According to Bernstein, A&P still has lot of work to do to address the deficiencies in its store base. "While they've invested a lot of money in attempting to do that through their Great Renewal project, I don't think they've seen the kinds of returns they need to get yet. Last quarter they did show improvement. Can they continue that rate? The competitive environment in the markets they operate is pretty tough, particularly in the metro-New York area. They have their work cut out for them," he said.
"In terms of profitability, A&P is still a gigantic question mark," said Giblen. "Project Great Renewal keeps getting more and more protracted. It's more a matter of execution rather than strategy. Project Great Renewal is the right idea, but they have to be able to run good stores day to day and there is some shortfall for them to do that."
PATHMARK STORES, Carteret, N.J., with sales increasing 6.8% and EBITDA falling 2.6% and same store sales up 3.1% and 3.5% in the first and second quarter, respectively.
Pathmark is a leader in its markets and drawing praise from the analysts.
"It's another situation where Pathmark has come out of a transition after filing bankruptcy. Now it's becoming a real company," said Ziegler.
"They're driving sales and market share at a time when their competition is in disarray. Every single competitor has problems," said Giblen.
Bernstein noted that Pathmark has always been a great operator and that it had a balance sheet problem and not an operating problem. "I think they are the best-positioned supermarket operator in the Northeast now because when I look at the rest of the market it's in disarray to some degree," said Bernstein. "Pathmark has excellent store locations, and they are merchandising well. They are doing a great job."
Bernstein, as others, expect Pathmark's track record will make it an attractive acquisition candidate.
While Pathmark can be very successful on its own, Giblen believes Pathmark can benefit more in buying power and cost of goods to be part of a much bigger company.
PENN TRAFFIC, Syracuse, N.Y., with sales up 2.9% and EBITDA increasing 1.3% and same store sales rising 0.4% and 0.7% in the first and second quarter, respectively.

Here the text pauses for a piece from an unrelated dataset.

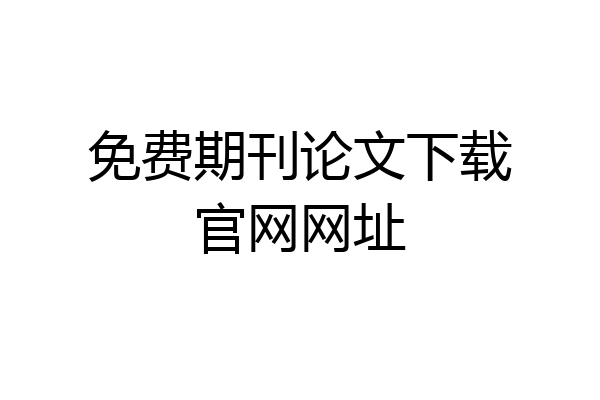 免费期刊论文下载官网网址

With approximately 10% to 12% of its sales from wholesale, according to the company, Penn Traffic is considered a retailer that operates approximately 220 stores. Analysts give them an "A" for effort.
"To their credit they've gotten out of negative comp store sales and are now showing some stability in their profit margins," said Giblen, who questions whether they can maintain this direction "given a less then first-rate store base."
Said Bernstein, "While they've done a good job in putting things together following their restructuring, which is due to a change in top management, I think their relatively flat performance is a reflection of the fact they are in some tough markets and against some tough competitors like Kroger in Columbus. They have their work cut out for them to hold their own."
"You have to give them credit for running very hard to stay in place, but eventually, I think, they'll run out of steam," added Giblen.
HARRIS TEETER, Matthews, N.C., with sale increasing 7.2% and operating income up 11.5% and comparable store sales growing 2.5% and 1.6%, respectively.
Analysts view the retailer as solid.
"They began to do very well at retailing, but for a long time they spread themselves too thin around the Southeast. They sold stores to Kroger in Atlanta and they are now concentrating their efforts in the Charlotte market. They're starting to focus back on areas in which they've got significant density," said Husson.
"They've got a good value proposition. Wal-Mart's swept through those market areas too and Harris Teeter has been able to differentiate with their high-quality fresh offering and service levels," added Husson.
Giblen calls them steady. "It continues to be a solid operator. It has a very strong customer franchise and adequate, but not amazing, profitability. I think their future as well is to be part of a bigger company."